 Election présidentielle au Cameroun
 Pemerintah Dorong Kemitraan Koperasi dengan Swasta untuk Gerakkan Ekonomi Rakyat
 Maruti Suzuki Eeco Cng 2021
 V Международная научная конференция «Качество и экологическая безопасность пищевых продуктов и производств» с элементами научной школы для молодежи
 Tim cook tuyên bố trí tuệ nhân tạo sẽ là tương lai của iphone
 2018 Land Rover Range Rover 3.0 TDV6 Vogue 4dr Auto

→ **Task objective**
Print exactly, and only, the lines from the line that contains "V Международная научная" through the last line of the records.

→ **Result of the exercise**
 V Международная научная конференция «Качество и экологическая безопасность пищевых продуктов и производств» с элементами научной школы для молодежи
 Tim cook tuyên bố trí tuệ nhân tạo sẽ là tương lai của iphone
 2018 Land Rover Range Rover 3.0 TDV6 Vogue 4dr Auto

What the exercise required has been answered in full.